Originally posted by: grant2
Vee, could you answer my questions without getting into extra registers & any other specific enhancements that happen to be in an A64 chip?
(sorry for the delay, I've been busy)
Yes, I can. But the extra registers are specific to the x86-64 architecture as such. Not just to the A64.
Going 64-bit isn't just about increasing width of some registers and adding some instructions. It's about adding essentially an entirely new CPU architecture to the old. Just as the '386 once did. Keeping it *similar* helps with staying backwards compatible, while saving transistors. But the CPU will execute new 64-bit code in a new 64-bit mode. The old 32-bit architecture ('386, '486, Pentiums, K6, Athlon/XP) has three different user modes (or four depending upon how you count), representing three (8086, '286, 32-bit) different CPU personalities in one CPU:
Real mode = original 8086.
[8086]
protected mode = supporting both older 16-bit protected mode
['286] and 32 bit computing.
[32-bit]
Virtual real mode (virtual mode) = submode of 'protected 32-bit mode', emulates an original 8086 inside the protected mode.
[8086]
This is known as 'IA32', but is basically the '386. A consequence of the long '86 PC legacy.
The various extensions since, FPU, MMX, SSE, SSE2, may add registers and instructions, but isn't as fundamental change as going 64-bit, (or going 32-bit from 16-bit).
The x86-64 CPUs now have five (or seven, depending on how you count) modes, representing four (8086, '286, 32-bit, 64-bit) main CPU personalities in one CPU:
Legacy mode/real mode = original 8086.
[8086].
Legacy mode/protected mode = protected 16/32 bit code.
['286] & [32-bit].
Legacy mode/virtual mode = emulating 8086 inside protected addressing.
[8086].
Long mode/compatibility mode = emulating 16/32 bit protected modes inside a 64-bit space.
['286] & [32-bit].
Long mode/64-bit = Our brave new world! 64-bit computing
[64-bit]. A 64-bit virtual address space - this is the main thing!
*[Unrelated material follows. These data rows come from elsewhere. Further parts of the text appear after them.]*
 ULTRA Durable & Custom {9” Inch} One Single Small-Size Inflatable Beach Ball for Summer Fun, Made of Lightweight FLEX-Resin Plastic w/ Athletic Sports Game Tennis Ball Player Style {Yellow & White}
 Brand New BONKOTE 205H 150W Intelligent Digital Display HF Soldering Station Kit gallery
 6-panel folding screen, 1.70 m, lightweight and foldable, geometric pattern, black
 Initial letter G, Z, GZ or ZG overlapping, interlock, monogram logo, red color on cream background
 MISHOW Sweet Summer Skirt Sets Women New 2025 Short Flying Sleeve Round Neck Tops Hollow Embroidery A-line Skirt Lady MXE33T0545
This last mode also includes double the number of registers, and 64-bit integer GP registers. These things are inherent in x86-64. Not just some enhancement that happens to be in the A64.
This is 'x86-64' (aka AMD'86-64, aka AMD64, aka CT (Intel), aka IA32e (Intel), aka EM64T (Intel))
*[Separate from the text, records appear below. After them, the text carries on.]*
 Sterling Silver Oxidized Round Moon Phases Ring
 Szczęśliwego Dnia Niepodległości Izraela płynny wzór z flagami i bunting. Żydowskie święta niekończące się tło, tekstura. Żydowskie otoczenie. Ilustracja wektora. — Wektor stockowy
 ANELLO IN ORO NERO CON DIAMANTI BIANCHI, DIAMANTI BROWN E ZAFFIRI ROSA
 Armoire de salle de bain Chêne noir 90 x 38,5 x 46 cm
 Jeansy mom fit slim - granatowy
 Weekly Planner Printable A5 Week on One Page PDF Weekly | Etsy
As for the rest of my earlier elaborations on execution, I tried to show that what actually goes on, hardware wise, is slightly different, maybe, from an intuitive understanding of the instructions and registers. (And those are things that "happens to be in" the A64. And other CPUs might do things slightly different.)
So is it true that 64-bit integer math will be performed much faster on a 64bit cpu? (because it doesn't have to break it down into multiple 32-bit operations)?
- Yes. Also, wider still - than 64-bit operations - like in security encryption, will also be faster because it can be broken into fewer, larger parts.
That was the short simple answer. Here's the elaboration:
Also, some stuff can be faster because persistent data can be kept close to the execution, in the extra registers (if you/compiler use them). This holds for both 32-bit and 64-bit integer, in 64-bit code of course.
Is it also true that 64-bit floating point math will not be performed any faster, because modern CPUs already have specialized 128-bit hardware to handle that?
- No. That is not quite right.
It is true that 64-bit GP registers and 64-bit flat addressing, the 64-bit issue as such, will not change things for 64-bit (double precision) FP math.
It is true that we already have, since the '387 FPU coprocessor and the '486DX (integrating the FPU) 64-bit FP registers and 64-bit FP operations (with 80 bit precision).
It is true that we already have, since the Pentium4, 128-bit vector registers, holding 2X64 bit or 4X32 bit FP data. And that we have SIMD vector instructions, that will perform a single 32-bit or 64-bit FP operation, on 4 or 2 FP values, with a single instruction.
That may have been the 'simple' answer you're looking for?
So what about the "- No. That is not quite right."? Again, here's the elaboration.
But:
We do not have hardware performing 128 bit wide operations. Not in x86-64, and not before. 64 bits is the longest datawidth (discounting 80-bit precision inside '87 math) to be operated on by hardware.
128-bit vector instructions are useful because they state explicitely parallel operations, which makes good use of late CPU's hardware parallelism, as well as OoO (Out of Order) timing shuffling.
There is FP and there is FP... '87 FP and vector (aka SIMD, aka 'packed') -FP (3DNow, SSE, SSE2, SSE3..).
For sporadic FP operations, '87 is probably still best to use. In this case there is no change in 64-bit mode.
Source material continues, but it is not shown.